I just passed the 120,000 word mark, and it really is full of good, even revolutionary, stuff.
After months of gloom and pessimism, I was beginning to feel positive and confident again - and my yetzer hates that. So it sent me a week of disturbing bad dreams to soften me up a bit, and then it hit me with one of the most horrible days I've had for a long time.
Externally, nothing was really going. Internally, I started to feel filled up with despair and futility.
"No-one's going to read your book…you're just wasting your time…why even bother finishing it?...just go and do the washing up, already, and forget about your aspirations to build the world…"
And so on and so forth.
This carried on for a few hours, until I literally started to feel there was no point to life generally, and my life, specifically.
Has that ever happened to you? Do you get what I'm talking about?
Lucky for me, I was in the middle of listening to a class by Rav Ofer Erez in the car, and I was too despairing to even be bothered to turn it off. So I sat there, while Rav Erez started talking about 'Klipat Amalek', and how it's big thing was to get a person so despairing that they give up on themselves, and stop believing that G-d is interested in them, or wants to help them, or that they can change.
Despite myself, I started listening.
Then, Rav Erez explained how he'd been talking with a big shrink in Israel, who'd been telling him that when a person gives up on themselves - when they get despairing, or yeoush, then they can't be helped.
Their despair is what's blocking their recovery, and the big turnaround in their life and fortunes.
I started to feel better.
I came home, started work on the book again, and I saw I was up to the part where I brought the idea from Rav Arush about how you can tell if the voice in your head is 'good' or 'bad', which is absolutely brilliant in its simplicity.
In a nutshell, good things, good thoughts, come from the side of 'good'; and bad ideas and bad thoughts come from the side of 'bad'.
All those bad ideas about how I was wasting my time, how my book was rubbish, how it was just going to sink without a trace etc etc - that was just my evil inclination!
Again, I know this sounds like a no-brainer, but when you're in the middle of these tests, the biggest problem is that the voice of bad really sounds so convincing and 'honest'.
Once I had clarity again, that the voice in my head wasn't 'realistic', it was just plain evil and 'Klipat Amalek', I started to fight back. The next day, I finished two big, long chapters, and I set myself the goal of getting the whole draft completely done by February 1, G-d willing.

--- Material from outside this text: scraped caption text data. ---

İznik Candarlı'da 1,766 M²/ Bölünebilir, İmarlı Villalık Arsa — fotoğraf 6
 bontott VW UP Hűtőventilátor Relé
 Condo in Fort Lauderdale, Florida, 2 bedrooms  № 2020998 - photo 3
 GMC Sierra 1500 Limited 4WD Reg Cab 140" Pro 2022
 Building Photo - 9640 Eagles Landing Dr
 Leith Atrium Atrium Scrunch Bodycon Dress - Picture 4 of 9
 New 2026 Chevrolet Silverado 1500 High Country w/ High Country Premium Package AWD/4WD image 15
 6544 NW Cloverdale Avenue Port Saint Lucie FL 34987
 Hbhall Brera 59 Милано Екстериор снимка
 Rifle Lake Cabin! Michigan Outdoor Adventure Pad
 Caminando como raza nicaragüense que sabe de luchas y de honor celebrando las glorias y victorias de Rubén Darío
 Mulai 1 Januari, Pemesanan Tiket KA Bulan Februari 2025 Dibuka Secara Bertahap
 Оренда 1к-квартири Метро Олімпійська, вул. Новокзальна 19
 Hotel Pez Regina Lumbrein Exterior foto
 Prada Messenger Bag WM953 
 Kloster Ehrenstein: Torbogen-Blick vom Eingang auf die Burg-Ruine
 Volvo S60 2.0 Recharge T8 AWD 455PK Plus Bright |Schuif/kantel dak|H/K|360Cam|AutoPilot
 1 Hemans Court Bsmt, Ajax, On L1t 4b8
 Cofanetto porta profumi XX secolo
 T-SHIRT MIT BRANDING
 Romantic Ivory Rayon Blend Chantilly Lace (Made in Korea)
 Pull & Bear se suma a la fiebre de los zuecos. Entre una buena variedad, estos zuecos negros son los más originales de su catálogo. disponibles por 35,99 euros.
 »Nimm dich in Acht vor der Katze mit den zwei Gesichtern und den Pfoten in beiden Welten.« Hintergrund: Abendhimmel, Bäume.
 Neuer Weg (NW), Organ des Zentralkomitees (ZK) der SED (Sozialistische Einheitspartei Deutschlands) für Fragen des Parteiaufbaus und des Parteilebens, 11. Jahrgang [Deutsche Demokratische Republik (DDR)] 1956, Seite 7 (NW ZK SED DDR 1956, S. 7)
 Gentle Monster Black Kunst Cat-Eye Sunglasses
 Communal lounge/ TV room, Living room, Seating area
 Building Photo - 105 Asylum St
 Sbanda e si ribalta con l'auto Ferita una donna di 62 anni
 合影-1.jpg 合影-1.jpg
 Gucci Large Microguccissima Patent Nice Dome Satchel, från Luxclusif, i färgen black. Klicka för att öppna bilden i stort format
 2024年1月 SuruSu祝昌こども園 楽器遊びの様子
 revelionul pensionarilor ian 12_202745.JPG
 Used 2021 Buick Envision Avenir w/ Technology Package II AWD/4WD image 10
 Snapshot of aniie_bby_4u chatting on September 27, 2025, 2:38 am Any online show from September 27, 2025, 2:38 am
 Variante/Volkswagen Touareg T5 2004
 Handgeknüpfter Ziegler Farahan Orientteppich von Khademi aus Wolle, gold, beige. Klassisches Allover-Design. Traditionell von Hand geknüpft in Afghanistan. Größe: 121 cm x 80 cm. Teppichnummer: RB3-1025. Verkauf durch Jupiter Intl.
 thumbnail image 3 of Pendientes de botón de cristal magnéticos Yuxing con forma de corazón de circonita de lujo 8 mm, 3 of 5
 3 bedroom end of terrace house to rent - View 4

Rebbe Nachman taught us 'there is no despair in the world'. He didn't mean that we don't feel despair, because we often do, especially in this difficult generation. What he meant, is that even if we've despaired of ourselves, and our abilities to improve or change, we should never despair of G-d's love, and help.
G-d continues to believe in us, even when we've given up. He sends us CDs with just the right words we need to hear; holy rabbis to guide our path; great, simple, powerful advice to help us see that He didn't give up on us.
His hand is always open, to lift us out of the mud and despair we've fallen into. So look for His hand in your own life, and grab it!